One could write Szanyi off as an aberration. But when a letter to the party chairman, written by an important party leader, accusing him of incompetence, reaches the public, the situation is more serious. And that is what happened yesterday. HírTV got hold of a letter that Árpád Velez, a former “party director,” wrote to Gyula Molnár. In it he describes at length how Molnár ruined the party. From a “leading party of the left [Molnár] created a vulnerable political community which is unmotivated, dejected, trailing after the others.” In this weakened state MSZP is at the mercy of DK, which has been building a strong structure while “our own party is in ruins.” Apparently one reason for Velez’s distraught state of mind is that the district he was supposed to run in was allegedly given to DK.

The impression is that MSZP is in total chaos. Gyula Molnár stated already on Friday that MSZP and DK had reached an agreement. The announcement was made in an interview with György Bolgár, the moderator of Klubrádió’s call-in program “Let’s Talk It Over.” Molnár said that the two parties had agreed on a 60-40 split of the 106 electoral districts. DK’s press office immediately released a correction: “Contrary to a series of news items and statements, so far no agreement has been reached concerning the coordinated candidacy of electoral districts between MSZP and DK. Negotiations are still ongoing. Our aim is to reach an agreement within weeks.” It turned out, however, that Molnár had told the truth. An agreement about the ratio had been reached, but there was no final decision yet on the particulars. For example, MSZP and DK must talk to the other smaller parties about the allocation of districts.

The way I see it, DK has tried to undermine MSZP’s credibility by choosing to interpret what constitutes an “understanding.” As a result of DK’s denial, the alleged chaos within MSZP has been magnified, and the public perception of the incompetence of the MSZP leadership has been strengthened. DK is counting on the further weakening of MSZP and the growth of DK as a result of a promising signature drive against the voting rights of dual citizens. Apparently, in the first five days DK collected 70,000 signatures. I wouldn’t be at all surprised if these negotiations drag on until the end of November, when new opinion polls are available. Perhaps, if DK closes the gap with MSZP, even the 60-40 split will have to be renegotiated. Of course, with Fidesz support among committed voters standing at 61%, these negotiations will have at best only a marginal effect on the outcome of next year’s election.

November 7, 2017

The Hungarian media and the local Harvey Weinstein case

Enemies of globalization have been fighting a losing battle. The world is indeed a big village where a Hollywood scandal can easily spark a very similar reaction in far-away Hungary. This is exactly what happened. Only a few days after the news broke about Harvey Weinstein’s 30 years of abuse in Hollywood, Lilla Sárosdi, an actress in Budapest, accused a very famous theater director of trying to take advantage of her 20 years earlier when she was still a naïve admirer of the already famous László Marton.
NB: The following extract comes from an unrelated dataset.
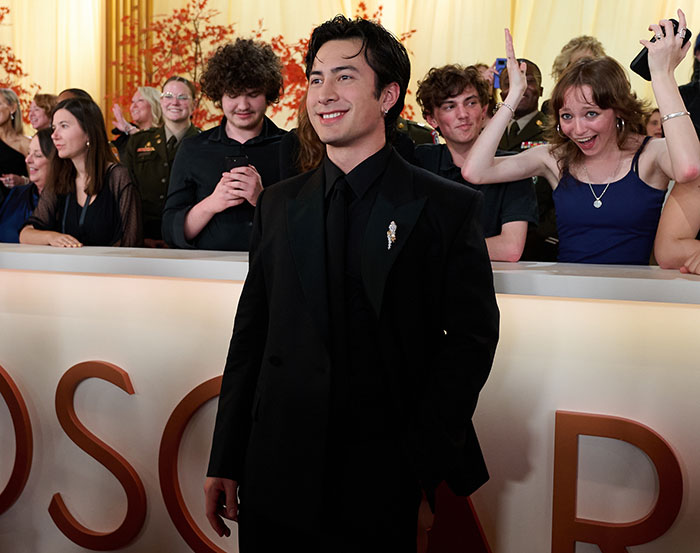 Hudson Williams’ One-Word Red Carpet Answer That Shocked Everyone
Marton began his career in 1968 as a stage director for Vígszinház, a highly regarded theater in the Hungarian capital. In addition, he became an instructor at Színház- és Filművészeti Egyetem (Drama School). He is well known in theatrical circles abroad, both as a director and as an instructor. He is the recipient of all sorts of prizes, including the Kossuth and Mari Jászai Prizes. So, accusing him of sexual abuse is a serious affair. Sárosdi first told her story on Facebook, on October 14, without mentioning the sex offender’s name. Five days later, on October 19, she revealed his name as well.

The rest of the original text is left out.